**Activity**.
Please write out exactly the lines of the data below from the line holding "A studio shot" through the line holding "#MohammadHafeez #ICCLevelIII #Coaching", and leave out the rest.

**Excerpted data**.
+++

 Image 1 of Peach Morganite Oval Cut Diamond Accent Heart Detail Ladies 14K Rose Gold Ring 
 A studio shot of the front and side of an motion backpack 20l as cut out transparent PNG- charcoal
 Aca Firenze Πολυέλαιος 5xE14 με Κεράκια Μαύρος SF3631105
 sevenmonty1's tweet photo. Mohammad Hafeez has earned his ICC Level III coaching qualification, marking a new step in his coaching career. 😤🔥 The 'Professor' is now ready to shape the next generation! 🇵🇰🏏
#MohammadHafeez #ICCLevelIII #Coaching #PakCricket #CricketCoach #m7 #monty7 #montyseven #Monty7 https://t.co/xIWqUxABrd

+++

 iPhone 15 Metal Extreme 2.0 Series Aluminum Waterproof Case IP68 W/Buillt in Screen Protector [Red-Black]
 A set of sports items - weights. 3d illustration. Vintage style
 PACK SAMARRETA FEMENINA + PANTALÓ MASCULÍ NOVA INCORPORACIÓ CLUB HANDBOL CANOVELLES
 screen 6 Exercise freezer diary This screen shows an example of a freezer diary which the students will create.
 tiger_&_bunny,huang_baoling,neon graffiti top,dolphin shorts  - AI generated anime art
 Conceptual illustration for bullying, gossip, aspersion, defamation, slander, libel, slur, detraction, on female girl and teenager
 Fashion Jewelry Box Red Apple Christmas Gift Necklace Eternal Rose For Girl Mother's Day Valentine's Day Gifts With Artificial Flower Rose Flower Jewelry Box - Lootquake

+++

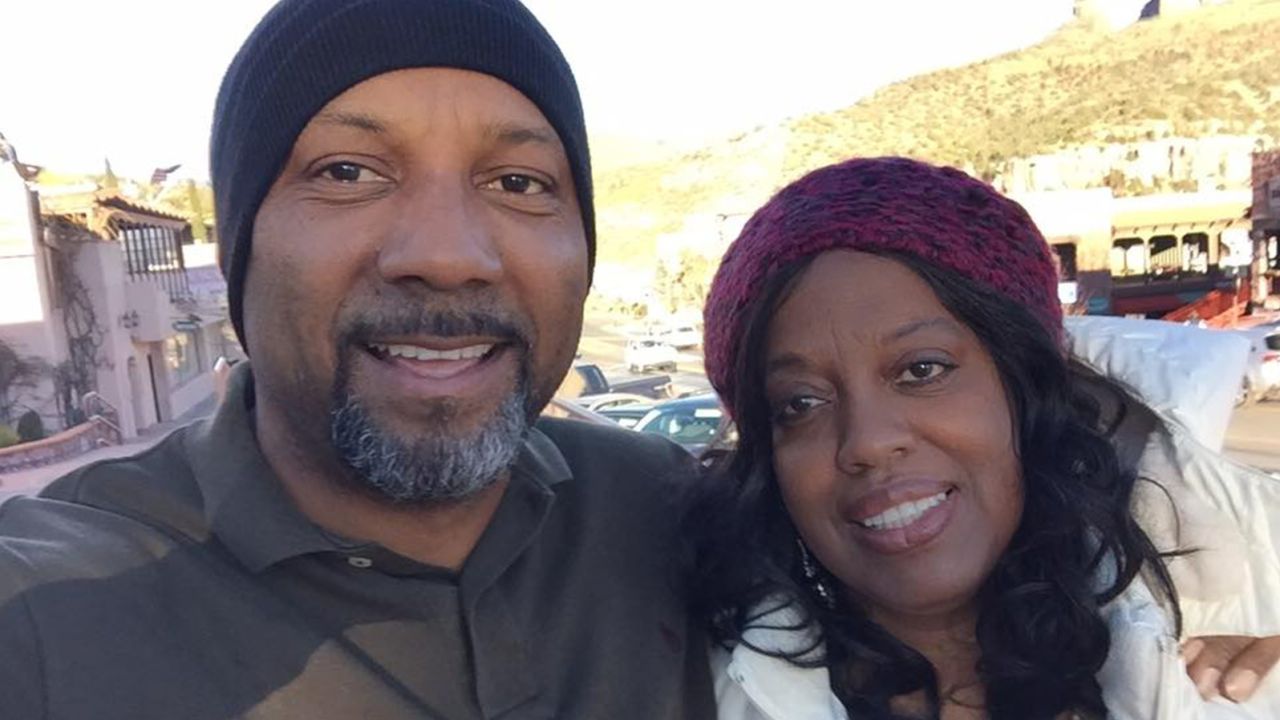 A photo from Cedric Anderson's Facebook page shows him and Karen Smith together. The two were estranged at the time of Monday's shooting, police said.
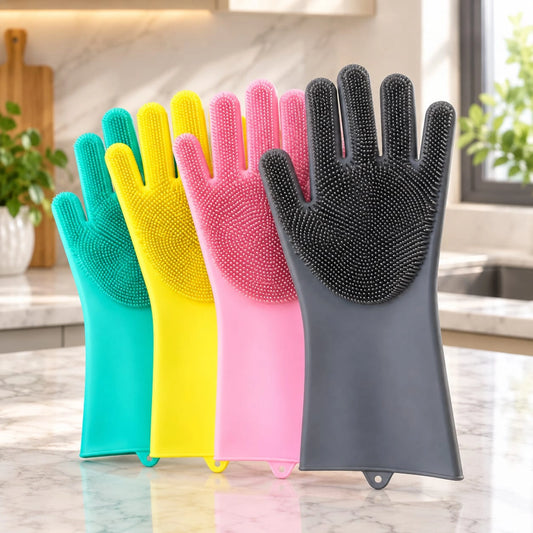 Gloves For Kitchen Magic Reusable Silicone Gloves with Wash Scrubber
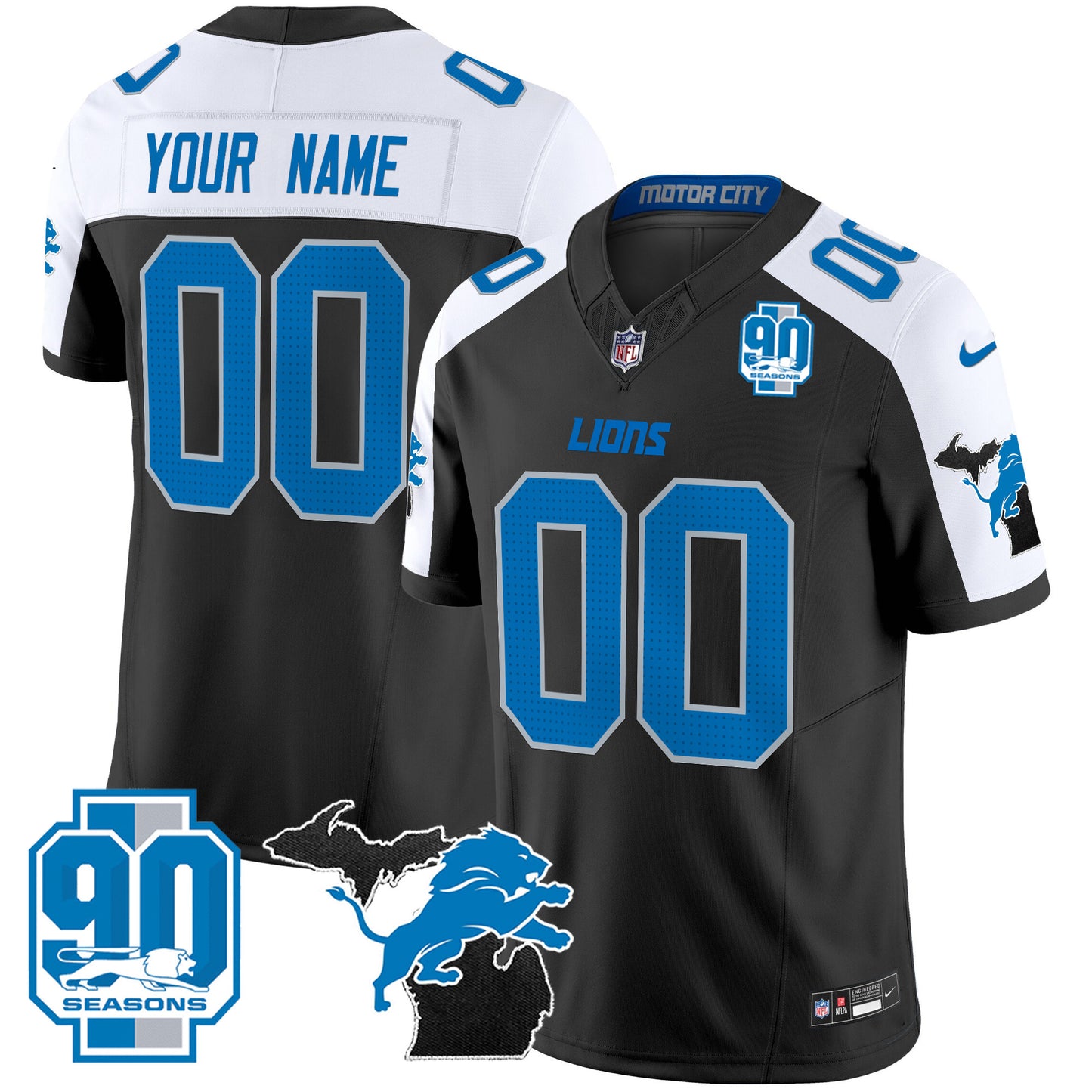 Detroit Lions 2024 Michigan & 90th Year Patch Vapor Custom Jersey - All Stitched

+++

**Result for this exercise**.
 A studio shot of the front and side of an motion backpack 20l as cut out transparent PNG- charcoal
 Aca Firenze Πολυέλαιος 5xE14 με Κεράκια Μαύρος SF3631105
 sevenmonty1's tweet photo. Mohammad Hafeez has earned his ICC Level III coaching qualification, marking a new step in his coaching career. 😤🔥 The 'Professor' is now ready to shape the next generation! 🇵🇰🏏
#MohammadHafeez #ICCLevelIII #Coaching #PakCricket #CricketCoach #m7 #monty7 #montyseven #Monty7 https://t.co/xIWqUxABrd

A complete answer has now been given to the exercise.